All that rigmarole from long ago broadcasts important lessons to our own time.
After 1800, leaders quickly adjusted the Constitution by adding the 12th Amendment. Electors would now cast separate ballots for president and vice president to prevent a tie and then transmit the results to Washington. Procedural fixes helped prevent the problems that had beset the 1800 election.
But, there was a deeper issue they didn't resolve slavery. The Federalists seized on it as a way to attack the new administration. They groused that Jefferson had won the election only because the Constitution inflated the power of his Southern base through the notorious three-fifths clause that helped allocate electoral votes. Jefferson "rode into the temple of liberty upon the shoulders of slaves," as one Connecticut newspaper put it.
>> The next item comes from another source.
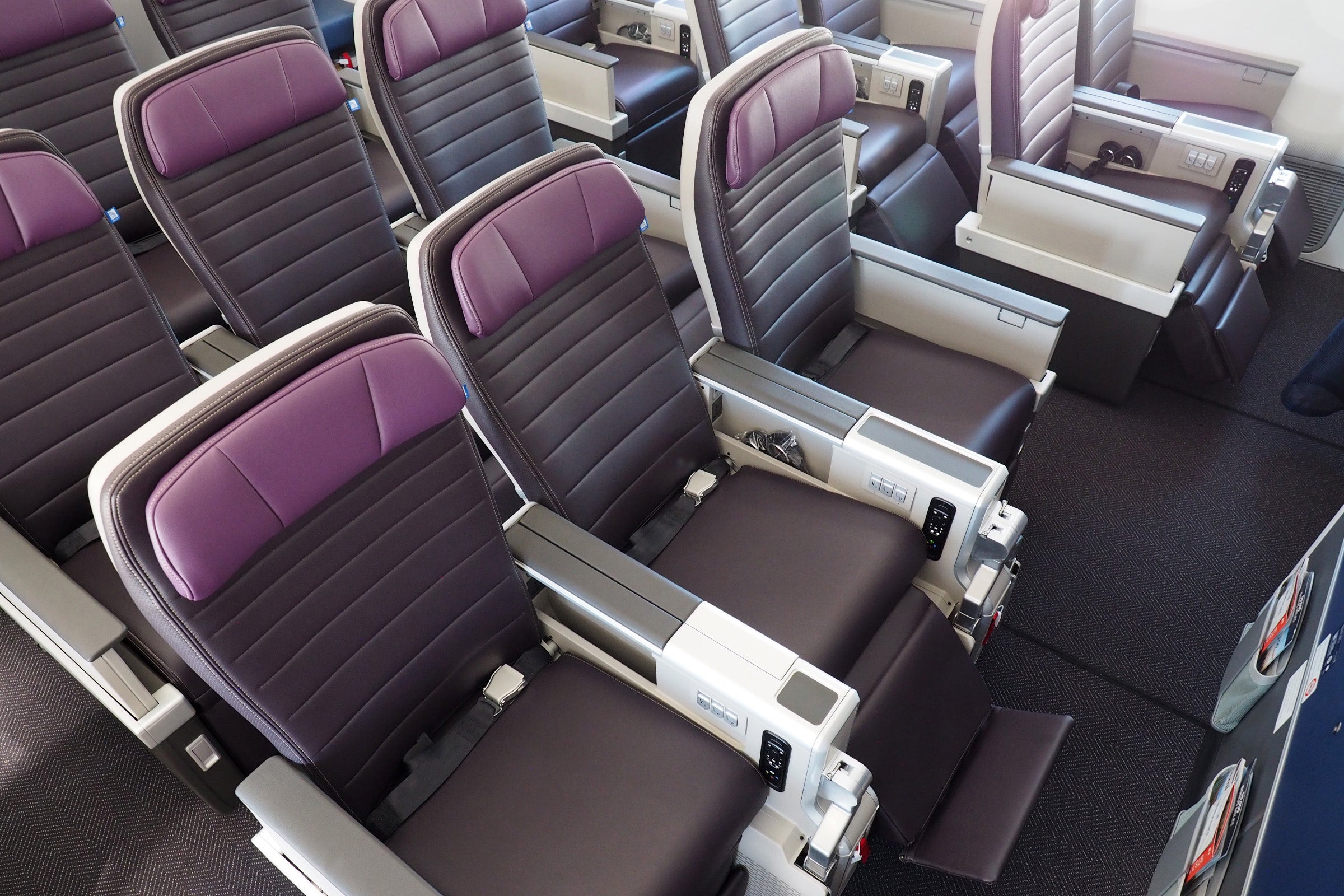 United Premium plus on the 787-10 Dreamliner. Photo by Zach Honig.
The volcanic issue was only beginning to rumble. Some Federalists denounced slavery, others took the opposite tack and warned that the Republicans imperiled the institution with all their talk about the rights of man. The losers were more focused on resisting Jefferson's political power then in engaging the issue itself. The deepest national problem festered and grew till, less than two decades later, an aging Jefferson thought he heard the passions over slavery tolling the "knell of the union."
Today, a deep partisan division once again spurred an effort to overthrow the presidential election. And like that long ago contested election in 1800, we too risk letting our political differences obscure deep national problems: More than two centuries later, the race line remains raw and marked by injustice. We face an economic inequality that has soared to levels unmatched among wealthy democracies. We confront a ferocious urban/rural rift and a burning planet. A deeply divided Washington reflecting a deeply divided nation has a lot of work to do. The final lesson from 1800: We ignore the big problems at our peril.
Morone is a professor of political science at Brown University and the author of "Republic of Wrath: How American Politics Turned Tribal from George Washington to Donald Trump." This piece was written for The Washington Post.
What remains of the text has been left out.